Il fait un petit tour dans les tribunaux corses, où il ne s’implantera pas. En 2010, dernier combat, il défend Laurent Gbagbo au côté de Roland Dumas. « Jacques Vergès était l’unique monstre sacré du barreau français », a réagi vendredi Francis Vuillemin, l’un des trois défenseurs de Maurice Papon au procès de Bordeaux. D’ordinaire, on ne dit pas du mal d’un mort. Le concert des louanges aurait donc pu s’élever, ainsi, à l’infini. Mais ce disparu-là aimait tant la provocation que Me Alain Jakubowicz, le président de la Licra, qui représentait le Consistoire israélite de France lors du procès Barbie, s’en est permis une petite. « Je ne suis pas surpris des propos laudateurs à son sujet, mais je pense que s’il pouvait lire et entendre ce qu’on dit de lui aujourd’hui, il nous ferait à tous un immense bras d’honneur. » Agrémenté de ce petit sourire, impassible ou mystérieux, énervant ou fascinant.

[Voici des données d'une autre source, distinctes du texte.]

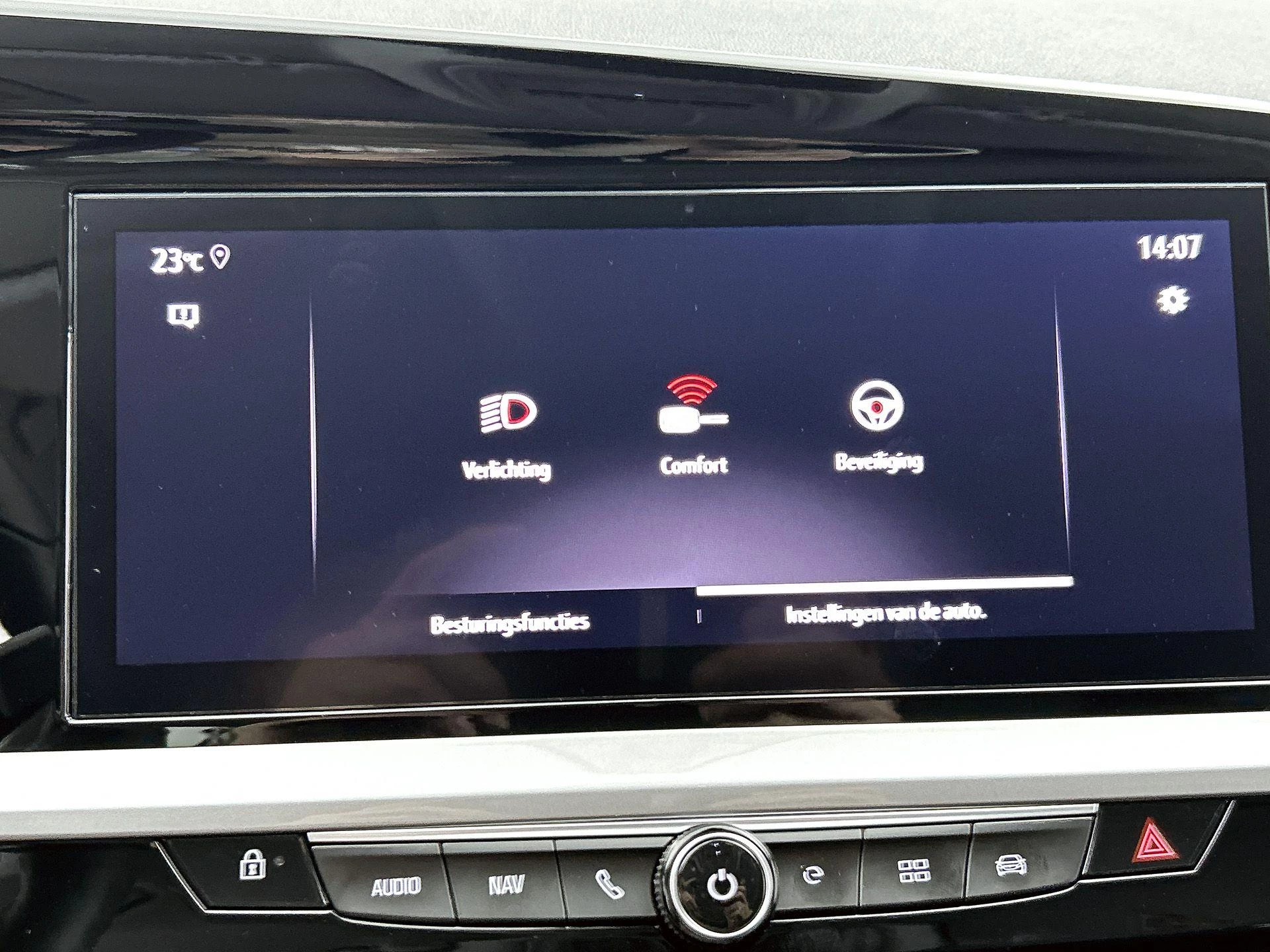 Opel Grandland 1.6 Turbo Plug-In Hybrid Business Elegance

Jusque dans ses dernières heures, Jacques Vergès semble avoir maîtrisé la mise en scène de son existence. Jeudi soir peu après 20 heures, à l’âge de 88 ans (ou était-ce 89 ?) l’avocat aux petites lunettes rondes et visage impassible est décédé dans la chambre où Voltaire aurait poussé son dernier soupir le 30 mai 1778. « L’avocat de la terreur », comme l’avait désigné Barbet Shroeder dans un documentaire qui lui était consacré, était hébergé chez des amis dans un appartement quai Voltaire à Paris, depuis une mauvaise chute. « Un lieu idéal pour le dernier coup de théâtre que devait être la mort de cet acteur né », ont même osé dans un communiqué les éditions Pierre Guillaume de Roux, qui avaient publié ses mémoires en février. Plus prosaïque, Christian Charrière-Bournazel, le président du Conseil national des barreaux qui avait dîné avec lui il y a une dizaine de jours, a expliqué que l’avocat « avait fait une chute il y a quelques mois et, du coup, était très amaigri, marchait très lentement. Il avait des difficultés à parler, mais intellectuellement il était intact. On savait que c’était ses derniers jours, mais on ne pensait pas que ça viendrait aussi vite »".



Violette Lazard, in Libération, 16 août 2013.